Building a garage at your property or remodeling or converting an existing one is a major undertaking, and it can be an expensive one, too. And for this reason, many homeowners turn to financing to cover the cost of construction and make affordable monthly repayments.  But how do you choose financing for your project? After all, with so many different options, it’s easy to get overwhelmed. 

In this guide, we help to break down the different types of financing that you’re likely considering, from RenoFi Loans and home equity loans to personal loans and more.

The Pros & Cons of 6 Garage Financing Options

We’re the first to admit that it can quickly become confusing when looking at the different garage financing options that exist.

But it doesn’t have to be this way, and below we’ve rounded up the pros and cons of 6 garage financing options to help you to choose the one that’s right for you and that will allow you to borrow all of the money you need with the lowest possible monthly payment. 

A RenoFi Loan

A RenoFi Loan is a new type of home renovation loan that combines the best bits of a construction loan with a home equity loan and can help you to borrow the most money at the lowest monthly payment. 

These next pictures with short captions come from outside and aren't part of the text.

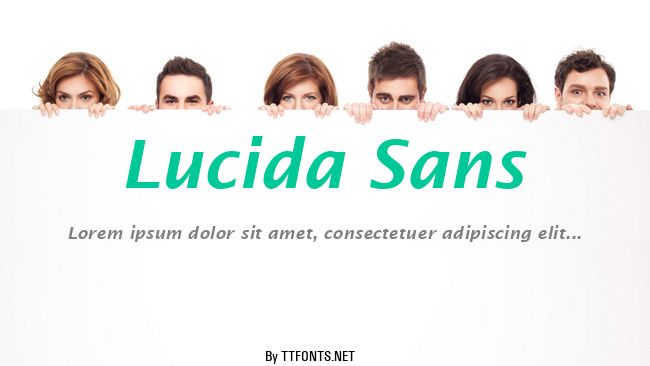 Lucida Sans example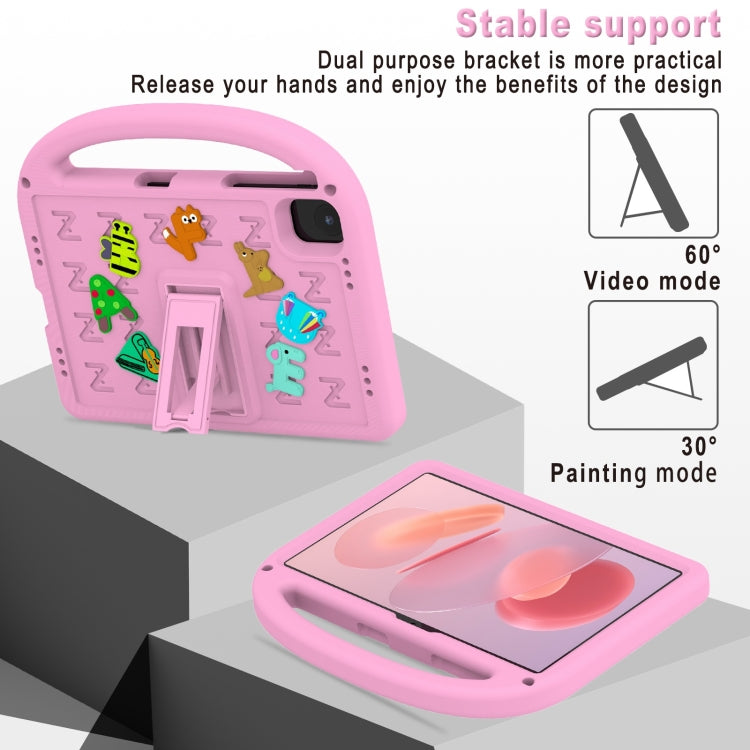 For Honor Pad X8a / X9 2024 Cartoon Sparrow EVA Shockproof Tablet Case(Pink) - Honor by PMC TechLife | Online Shopping South Africa | PMC TechLife | Buy Now Pay Later Mobicred
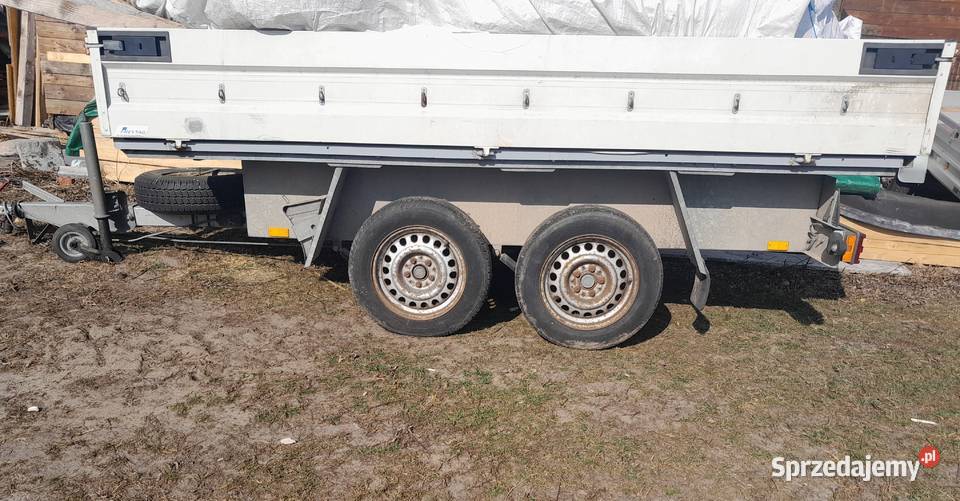 Przyczepa 2t burtowe Do samochodów osobowych Myszyniec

And they’re the perfect financing option for homeowners who have not built up sufficient equity that they can tap into to pay for their garage build or renovation. And this is music to the ears of newer homeowners who have only recently purchased their property and would otherwise potentially have considered costly personal loans as a way to be able to afford to start construction.

RenoFi Loans let you borrow based on your home’s after renovation value, increasing your borrowing power by 11x, on average, when compared with a home equity loan.

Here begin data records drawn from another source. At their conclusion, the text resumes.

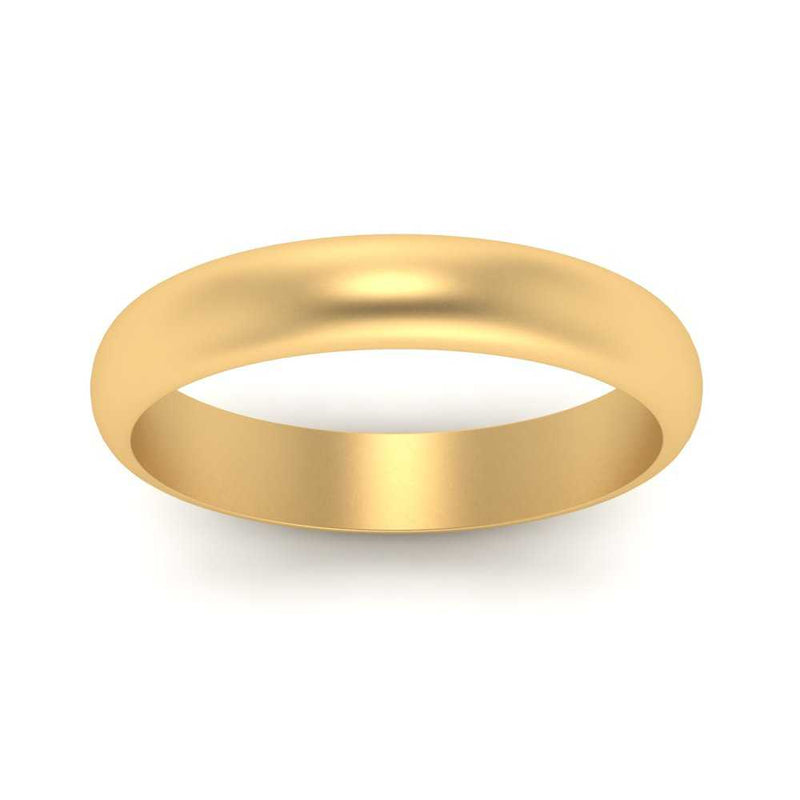 Low Dome 6mm Men Wedding Band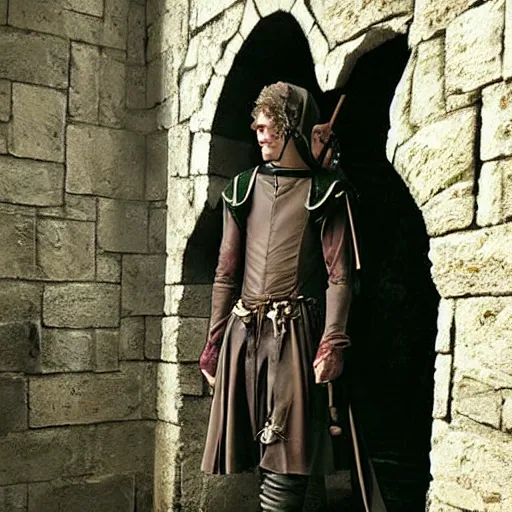 Image similar to 2 0 0 4 photograph, medieval inspired menswear fashion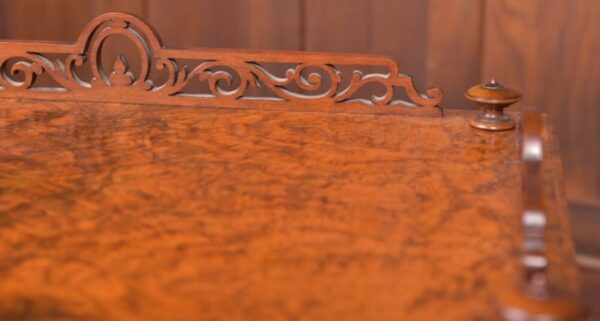 Fantastic Victorian Burr Walnut Music Cabinet SAI2145 - Image 5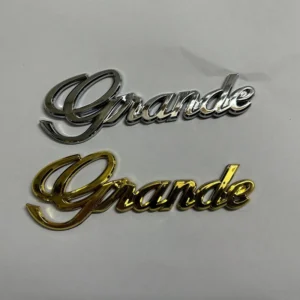 Custom Car Accessories Chrome Car Emblem Badge Stickers Tailgate Adhesive Grande Emblems for Markii JZX100 GX100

RenoFi Loans come in three forms:

  • RenoFi Home Equity Loans
  • RenoFi HELOCs
  • RenoFi Cash-out Refinance

So whether you need the fixed rate of a home equity loan, the flexibility of a HELOC, or the new rate on a refinanced primary mortgage, RenoFi has you covered with 11x the borrowing power.

When you build or convert a garage, the value of your home increases by an average of 80%, and RenoFi Loans allow you to tap into that today to finance the construction.

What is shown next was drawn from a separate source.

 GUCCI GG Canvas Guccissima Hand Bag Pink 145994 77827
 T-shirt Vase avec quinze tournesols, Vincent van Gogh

You see, it takes time to build equity, and when we consider that it’s not uncommon for a complete renovation wishlist to amount to more than $100k, homeowners often find themselves in a situation where they know what work they want to carry out but aren’t able to borrow the money that they need using equity.

Building or renovating a garage is rarely the only project that someone wants to carry out, but even when it is, recent homeowners will often find themselves lacking the equity needed. 

For some, this means they reduce the scope. For others, it means turning to high-interest personal loans and credit cards or borrowing money from friends and family. We don’t believe that either are right, and increasing the borrowing power of homeowners who haven’t yet built up the equity they need to finance their renovation is one of the main reasons why we launched RenoFi.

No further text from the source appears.